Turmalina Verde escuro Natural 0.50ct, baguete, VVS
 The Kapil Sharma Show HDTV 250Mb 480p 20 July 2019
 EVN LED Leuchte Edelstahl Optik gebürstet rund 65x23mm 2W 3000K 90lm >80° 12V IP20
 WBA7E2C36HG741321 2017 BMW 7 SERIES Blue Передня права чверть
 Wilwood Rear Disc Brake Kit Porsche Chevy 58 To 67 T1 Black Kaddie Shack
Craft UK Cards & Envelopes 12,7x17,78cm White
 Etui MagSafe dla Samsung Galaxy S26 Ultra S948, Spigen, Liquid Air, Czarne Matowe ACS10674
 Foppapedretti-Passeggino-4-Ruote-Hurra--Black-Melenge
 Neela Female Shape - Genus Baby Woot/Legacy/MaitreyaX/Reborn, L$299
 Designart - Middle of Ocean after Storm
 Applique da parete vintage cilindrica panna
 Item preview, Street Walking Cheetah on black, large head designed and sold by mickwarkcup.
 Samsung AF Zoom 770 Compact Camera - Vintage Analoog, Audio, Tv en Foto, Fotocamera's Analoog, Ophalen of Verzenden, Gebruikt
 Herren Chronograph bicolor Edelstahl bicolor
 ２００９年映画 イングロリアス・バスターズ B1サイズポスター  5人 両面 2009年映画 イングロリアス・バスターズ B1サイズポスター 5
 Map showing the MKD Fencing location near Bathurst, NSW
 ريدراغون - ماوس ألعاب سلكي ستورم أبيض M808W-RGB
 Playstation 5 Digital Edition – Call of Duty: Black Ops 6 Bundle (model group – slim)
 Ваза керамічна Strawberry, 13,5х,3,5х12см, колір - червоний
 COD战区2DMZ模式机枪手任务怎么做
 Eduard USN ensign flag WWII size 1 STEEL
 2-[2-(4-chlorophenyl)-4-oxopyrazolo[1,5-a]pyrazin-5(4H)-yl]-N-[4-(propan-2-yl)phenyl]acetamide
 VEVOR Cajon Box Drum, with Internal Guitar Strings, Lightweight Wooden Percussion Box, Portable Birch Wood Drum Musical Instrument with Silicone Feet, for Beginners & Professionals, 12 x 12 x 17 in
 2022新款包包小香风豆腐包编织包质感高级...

■ **Problem to solve**
Scan the lines above for the word "Edelstahl". Return each one that has it.

■ **Answer space**
 EVN LED Leuchte Edelstahl Optik gebürstet rund 65x23mm 2W 3000K 90lm >80° 12V IP20
 Herren Chronograph bicolor Edelstahl bicolor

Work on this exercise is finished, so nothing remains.